Надо надеяться, ее слова прозвучали достаточно равнодушно. Ничего, ничего! Пусть Антон еще немножко подергается в одиночестве и темноте своего беспамятства!
– Я уж собрался тебе позвонить, кое-что уточнить. Как найти в Карабасихе дом Нининого деда?
– Что?!
– Что слышишь. Я не перепутал – это местечко называется дивным словом Карабасиха?
– Зачем тебе туда?
– Привет! Ты ж сама мне говорила, что там моя дочь! В конце концов, могли пробудиться у меня родительские чувства?
– Вряд ли.
– Ого! – Антон хохотнул. – Ты не страдаешь избытком дипломатичности. Похоже, я был в своей прошлой жизни не маленькой сволочью! Ну так я решил исправиться. Ощущаю просто-таки неодолимое желание немедленно отправиться в Карабасиху и общнуться с дочерью и ее как бы дедом. Кое-что уточнить надо…
– Да ведь уже десятый час!
– Ничего, я сегодня получил деньги в «Вестерне», на такси хватит, даже учитывая ночной тариф. Надо надеяться, водитель окажется не таким ротозеем, каким был я, и на сей раз обойдется без аварий.

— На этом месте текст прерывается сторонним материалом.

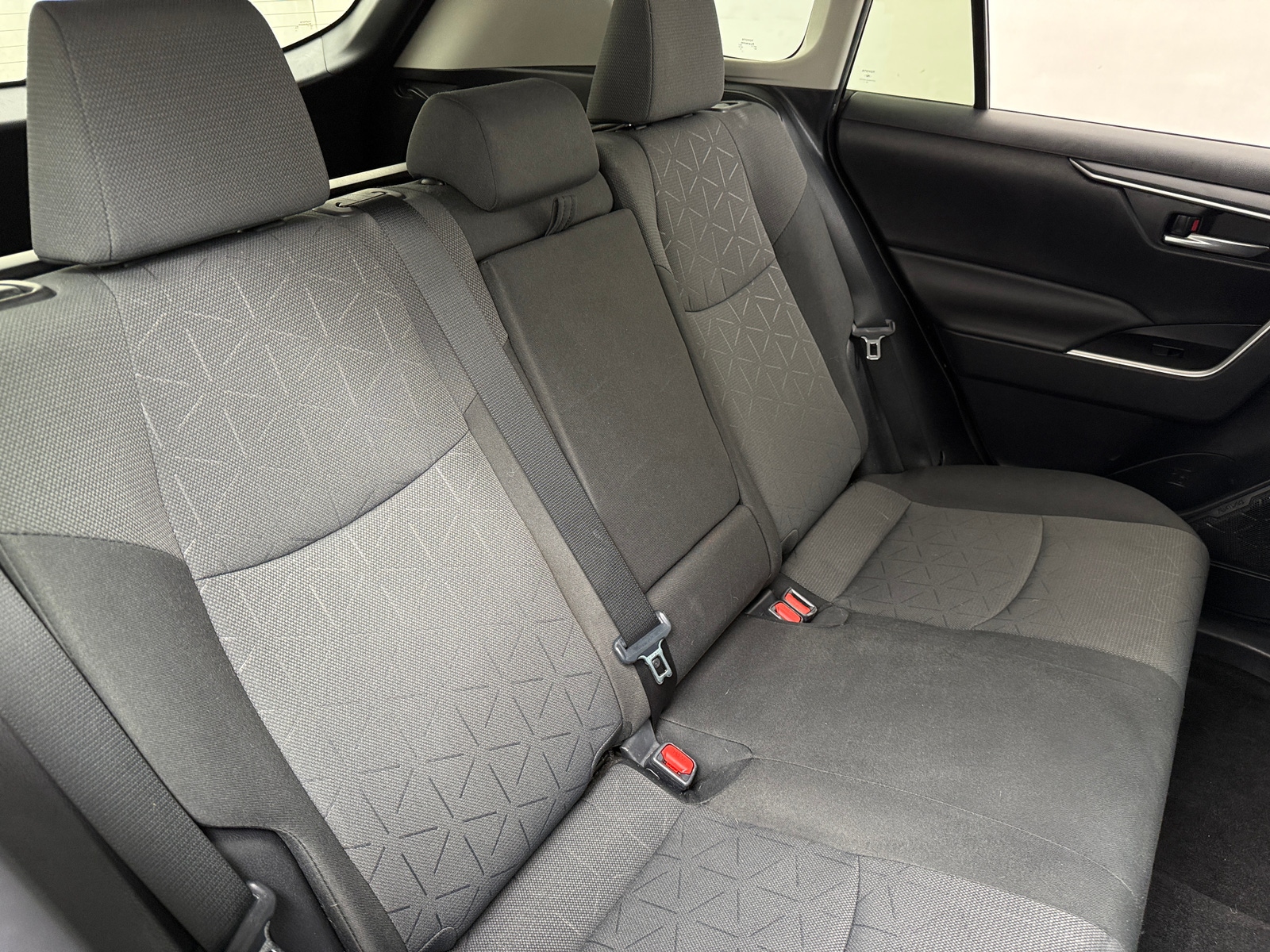 Thumbnail: 2019 Toyota RAV4 - 6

– Подожди до завтра, – быстро проговорила Инна. – Мне сейчас звонил Константин Сергеевич, просил нас с тобой…
– Константин Сергеевич? – удивленно повторил Антон. – А это еще кто такой?
– Как кто? Бармин, дед Нины.
– Да ну? – Дебрский хохотнул. – И что ему нужно?
– Просит нас с тобой побывать с ним завтра на кладбище, посмотреть участок, который он выбрал для Нины.
– Что за чушь? Зачем Нине участок на кладбище?
– Антон! – чуть ли не истерически закричала Инна. – Ты спятил? Или ты там пьешь в одиночку?! Что ты несешь, подумай! Ее же надо похоронить, в конце концов! Константин Сергеевич возмущен, что ни ты, ни я не заботимся об этом, взялся за дело сам…
– Да-а? – протянул Антон со странной интонацией. – Ну что ж, сам так сам, если уж ему не терпится закопать свою племянницу. То есть встреча состоится на кладбище? – Он хохотнул. – Отлично! Когда, где? Во сколько?
– Завтра, в Марьиной роще, у бокового входа. Может, я зайду за тобой, отправимся туда вместе?